The summer driving season is set to kick off, a time when gasoline prices spike, but this year don't expect too much pain at the pump, experts say.
Easing tensions with Iran and increased supply are pushing global crude prices down, which will continue to bring gasoline prices down with them.
Earlier this year, tensions with Iran and solid global demand sent oil prices soaring, bringing U.S. gasoline prices to a nationwide average peak of $3.94 in April, according to AAA Daily Fuel Gauge Report data.
Concerns grew that prices would reach $5 a gallon as the summer driving season drew closer, but easing tensions in the Middle East, increased OPEC supplies and cooling European and Chinese economies have sent prices falling.
Today, prices are averaging $3.67 a gallon.
"We're getting a bit of a break here,'' says Tom Kloza of the Oil Price Information Service, according to USA Today.
Domestic supplies are at their highest levels since 1990, Kloza adds.
Still, refinery issues have kept prices high on the West Coast, averaging over $4.30 a gallon in California, Oregon and Washington.

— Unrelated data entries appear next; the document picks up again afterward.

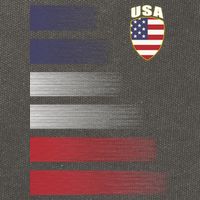 Cool USA Soccer Jersey Stripes Cotton Canvas Backpack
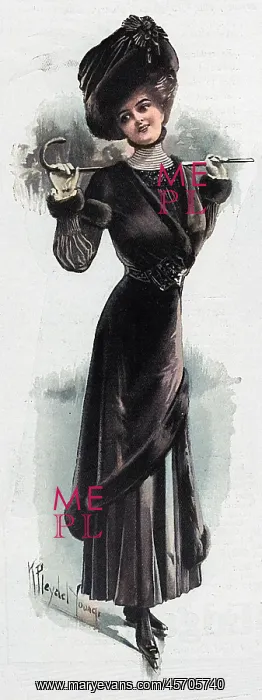 : Women's skating costume 1909 : Women's skating costume 1909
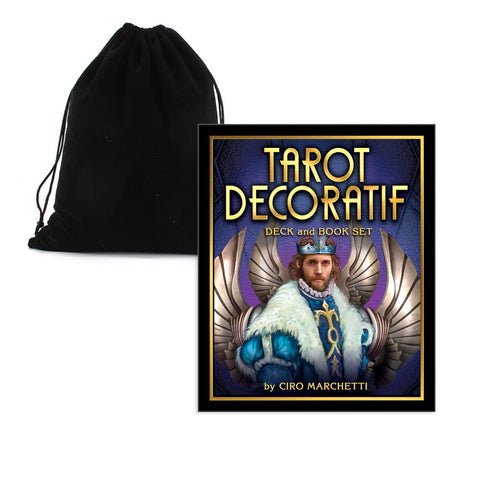 Tarot Decoratif Deck & Guidebook with Velvet Bag by Ciro Marchetti
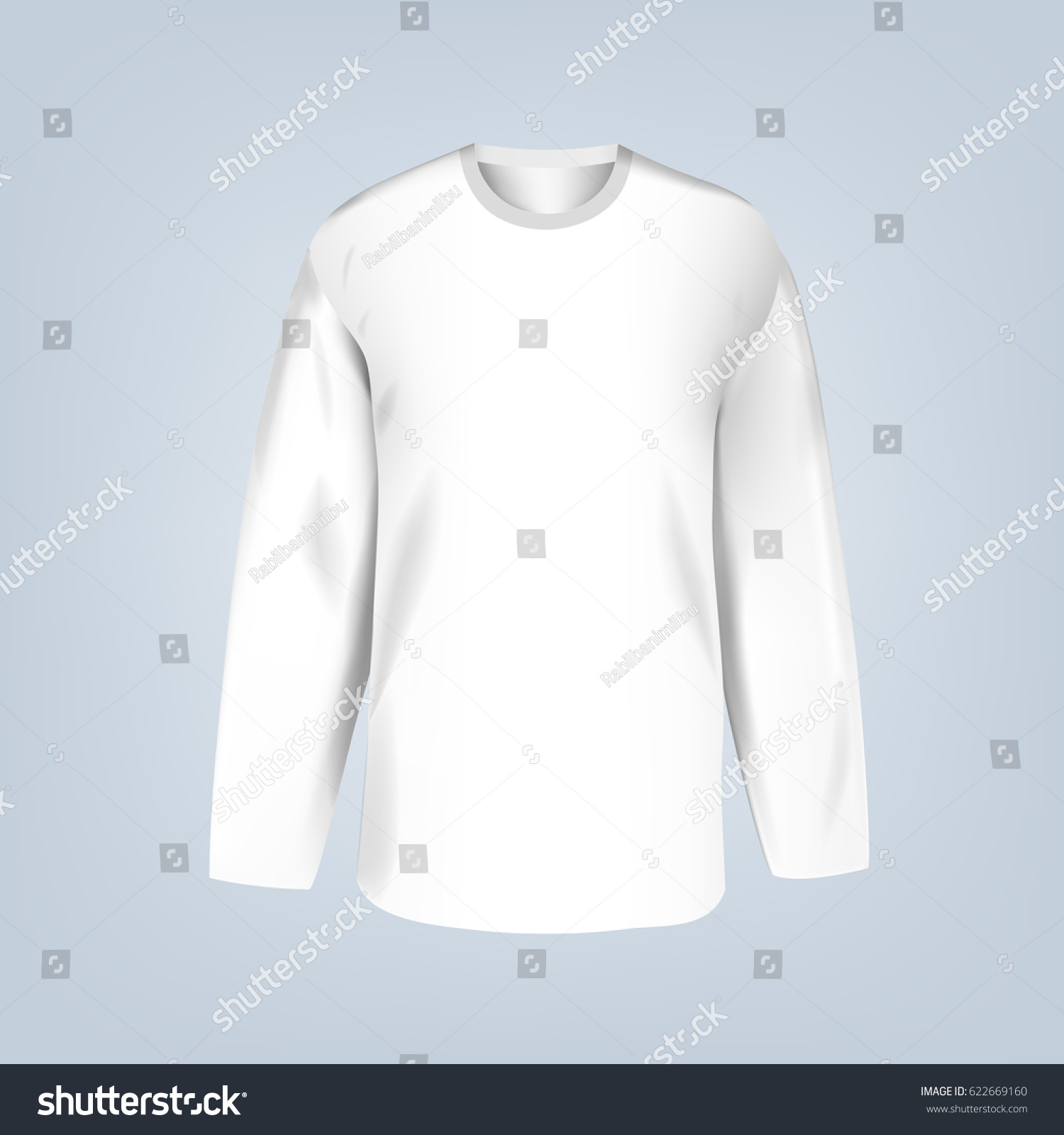 Vector Illustration Blank Hockey Jersey Template Stock Vector (Royalty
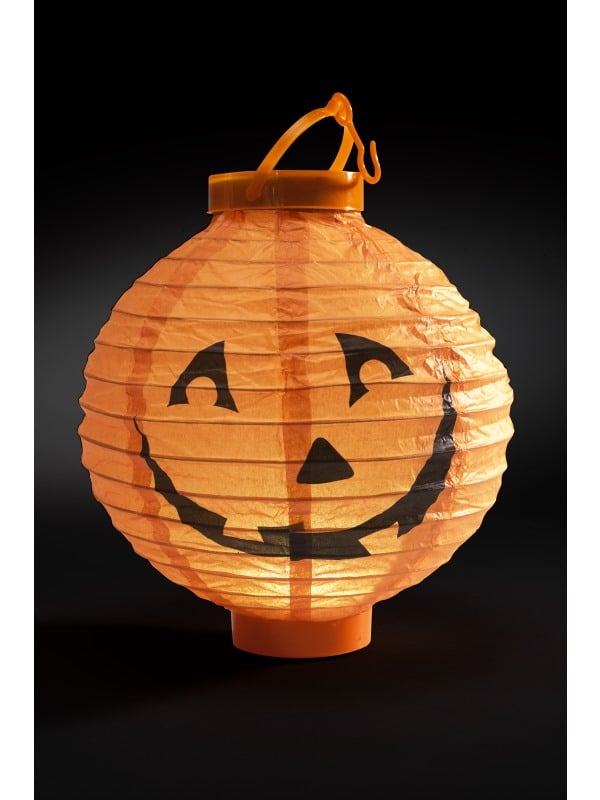 Light Up LED Paper Pumpkin Lantern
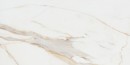 Płytka gresowa, podłogowa imitująca marmur w białym kolorze, wykończenie powierzchni satynowe, Pamesa Calacata Gold Satin 60x120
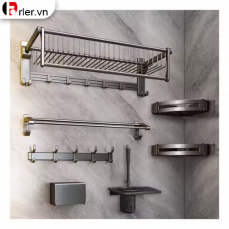 Combo Phụ Kiện Phòng Tắm Nano Xám FORLER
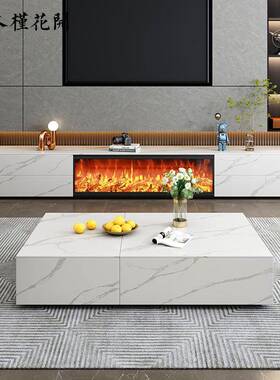 壁炉仿真厅火岩24864板茶客几组电合视柜嵌入式家用假火焰壁炉芯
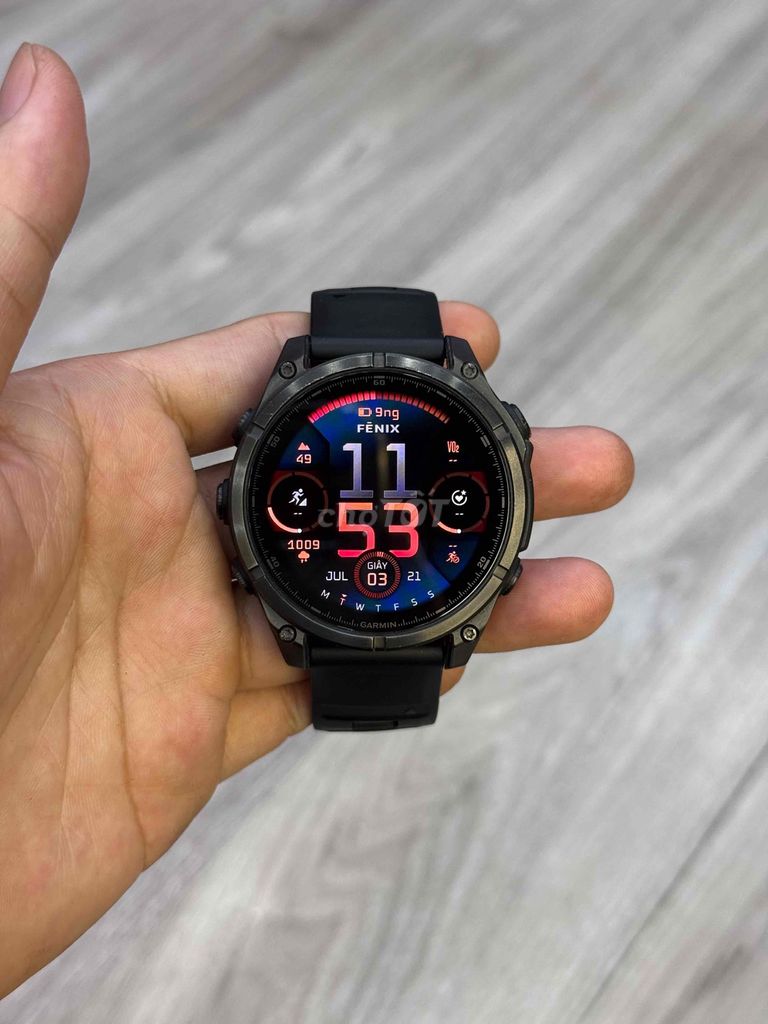 Garmin Fenix 8 47mm Titanium Đen. Mua bán Thiết bị đeo thông minh tại Quận Bình Thạnh Tp Hồ Chí Minh được đăng bởi hang le hình 1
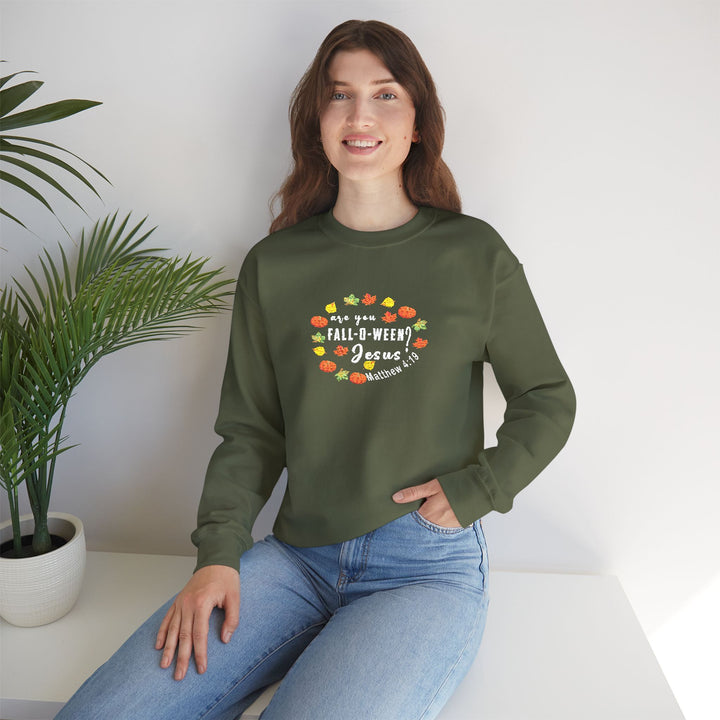 Are You Falloween Jesus - Embroidery Design (Sweatshirt & Hoodie)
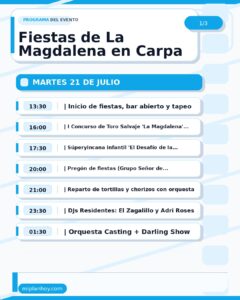 Fiestas de La Magdalena en Carpa junto al Campo de Fútbol, Vargas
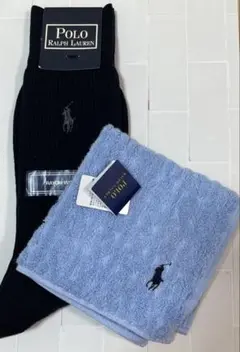 POLO RALPH LAUREN タオルハンカチ＆靴下 ポロラルフローレン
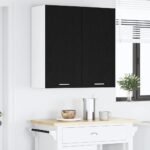 Hanging Cabinet Black Oak 80 x 31 x 80 cm Engineered Wood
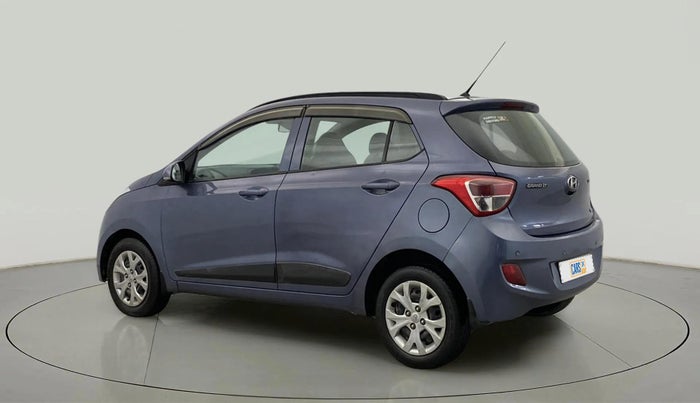 2016 Hyundai Grand i10 SPORTZ 1.2 KAPPA VTVT, CNG, Manual, 72,262 km, Left Back Diagonal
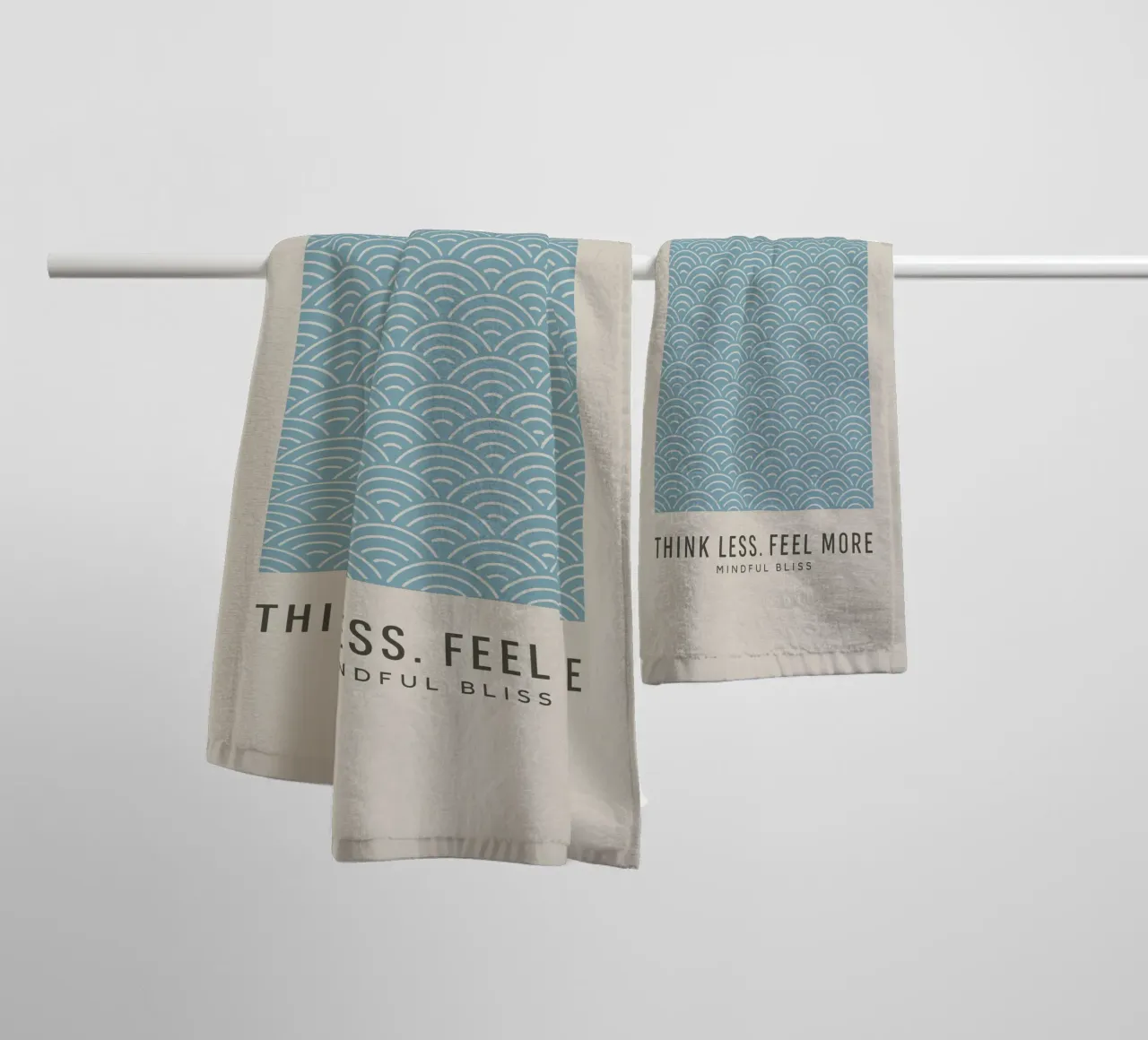 Waves of calm towel by SMPLE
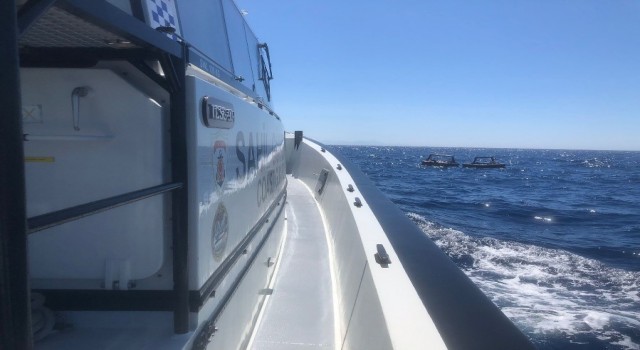 İzmir açıklarında düzensiz göçmen hareketliliği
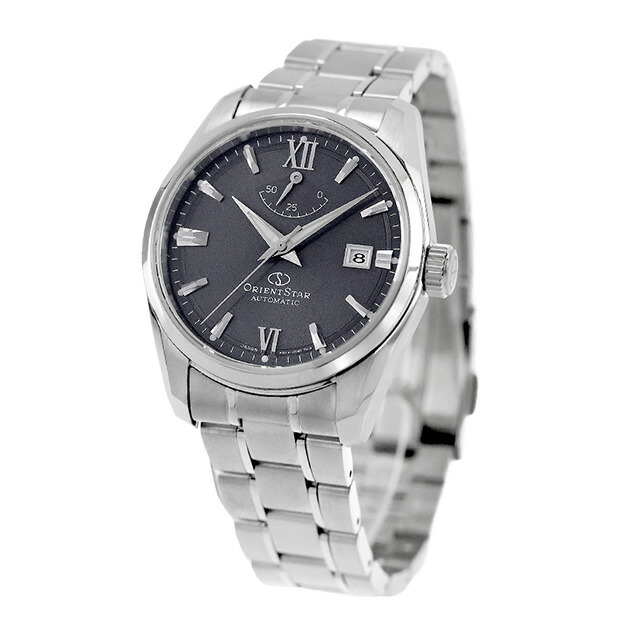 オリエントスター Contemporary Date 自動巻き 腕時計 ブランド メンズ ORIENT STAR RK-AU0112V アナログ ネイビー 日本製 おしゃれ 防水 プレゼント 男性 実用的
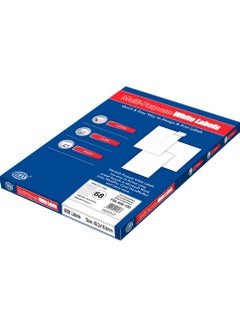 Buy FIS Multipurpose Laser Labels, Colour White, Size 48.3X16.9MM (68 Stickers x 100 Sheet)  6800 Labels, Size : A4 (21X29.7 CM) , Pack of 100 Sheets -FSLA68-100 in UAE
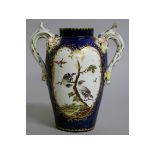 AN 18TH CENTURY DERBY VASE painted with two panels, one with classical figures, the other with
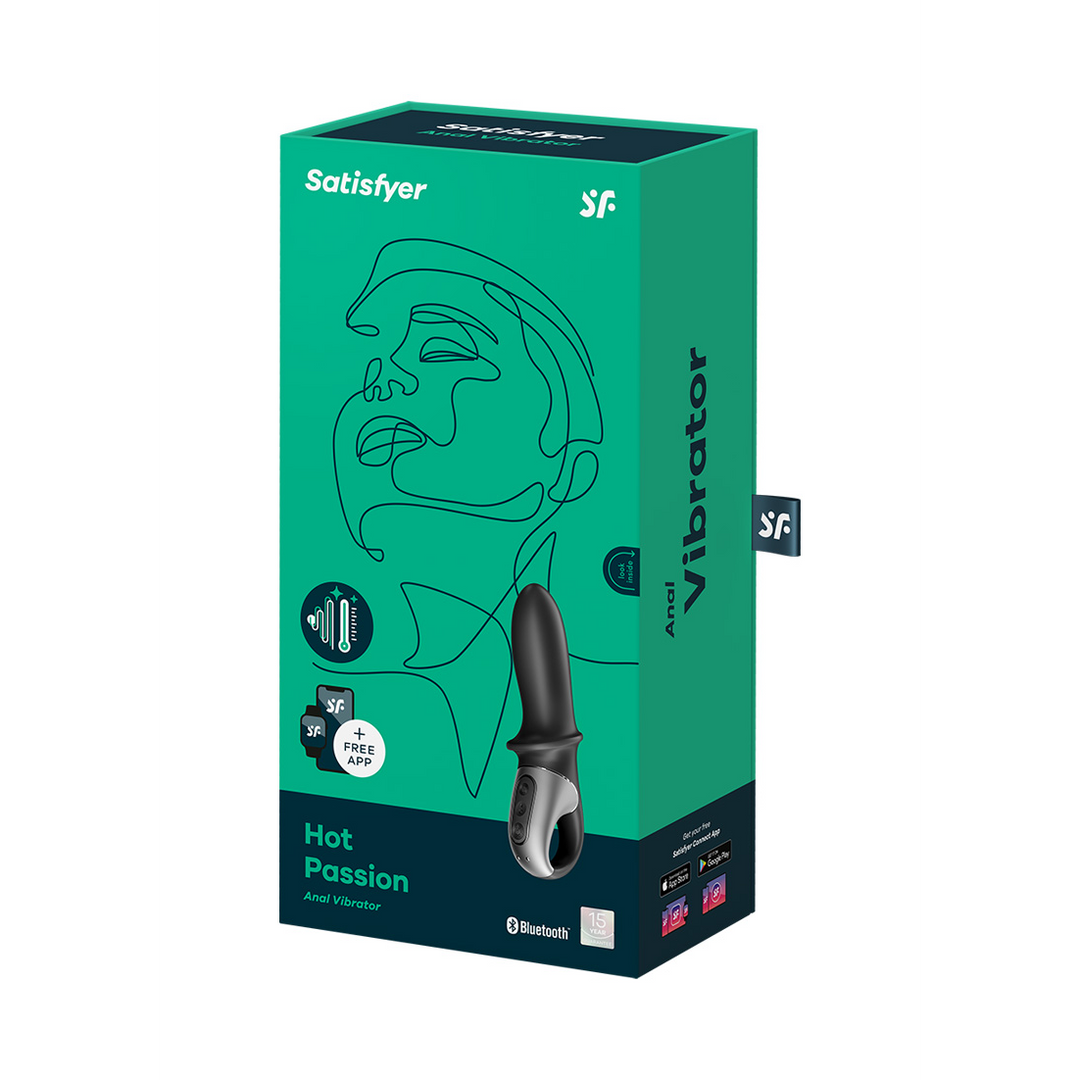 Hot Passion - Warming Anal Vibrator - Black Zwart - 2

"I can't recall a wider variance or a time where prices in some states were up strongly and falling in others," says Patrick DeHaan, senior gas analyst for price-tracker gasbuddy.com, USA Today adds.
Other experts agree that prices should continue falling but point out global conditions can always change and send prices right back rising.
"Drivers are getting a respite," says Rodney L. Waller, a senior vice president at Range Resources, an oil and gas company based in Fort Worth, Texas, the New York Times reports.
"But it’s a tenuous respite based on all the changes in the global oil market and the opening and closings of refineries across the U.S."
Gasoline prices hit a record high $4.11 in 2008.